About one-in-ten (9%) volunteer another rationale for why the U.S. should provide vaccines to developing countries. Common volunteered responses include that both reducing the risk of variants and a U.S. obligation to help are equally important reasons, that providing vaccines is the humanitarian choice, and that the U.S. should provide vaccines due to the country’s excess supply.

Republicans grow more skeptical that scientists base judgments solely on the facts

Chart shows Democrats and Republicans move further apart in views on scientists’ ability to be unbiased

Americans are closely divided over whether scientists’ judgments are based solely on the facts or are just as likely to be biased as other people’s. In the current survey, 54% say scientists’ judgments are based solely on the facts, compared with 45% who think scientists’ judgments are just as likely to be biased as those of other people. These overall views are about the same as they were in 2019, the last time this question was asked.

However, Democrats have become more likely – and Republicans less likely – to say scientists’ judgments are based solely on the facts over the past two years. About three-in-ten Republicans and Republican leaners (31%) now say scientists’ judgments are based solely on the facts, down 13 percentage points since 2019. About seven-in-ten (68%) Republicans think scientists’ judgments are just as likely to be biased as those of other people.
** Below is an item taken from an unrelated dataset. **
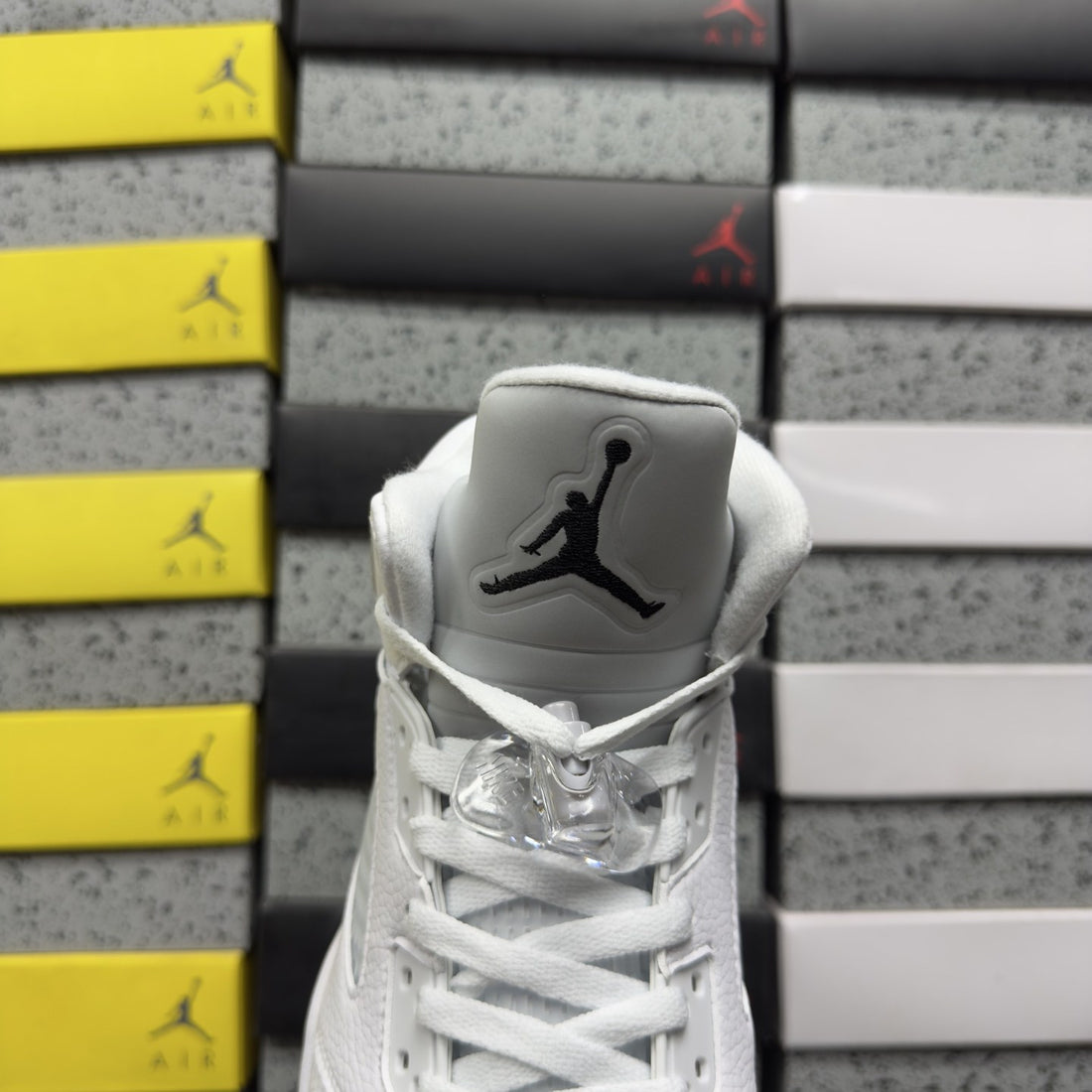 Air Jordan 5 Sail Metallic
Among Democrats and Democratic leaners, 73% say scientists’ judgments are based solely on the facts, up 11 points since 2019. The partisan gap in the share saying scientists’ judgments are based solely on the facts is now 42 points, much larger than the 18-point gap seen in 2019.

Recent Center surveys have also found growing political divides in confidence in scientists and views of the effect of science on society.

About seven-in-ten Americans see the scientific method as an iterative process

The survey also looked at Americans’ understanding of the scientific process. About seven-in-ten U.S. adults (71%) say the scientific method is an iterative process, with findings that are meant to be continually tested and updated, while 9% say the scientific method produces unchanging core principles and truths; 20% say they aren’t sure.

Chart shows most Americans describe the scientific method as an iterative process

The share of Americans who see the scientific method as iterative is up slightly from November 2020 when 66% said this.

Americans with higher levels of education are more likely to say the scientific method produces findings meant to be continually tested and updated. About nine-in-ten (88%) of those with a postgraduate degree say this, compared with just 56% of those with a high school diploma or less. There are large educational differences on this question among both Democrats and Republicans.

CORRECTION (Sept. 15, 2021): A previous version of the chart “White evangelical Protestants, those with no health insurance among least likely to say they have received a COVID-19 vaccine” and a sentence in the report’s text misstated the share of White non-evangelical Protestants who have received at least one dose of a vaccine to prevent COVID-19. It should be 73% and has been updated to reflect that.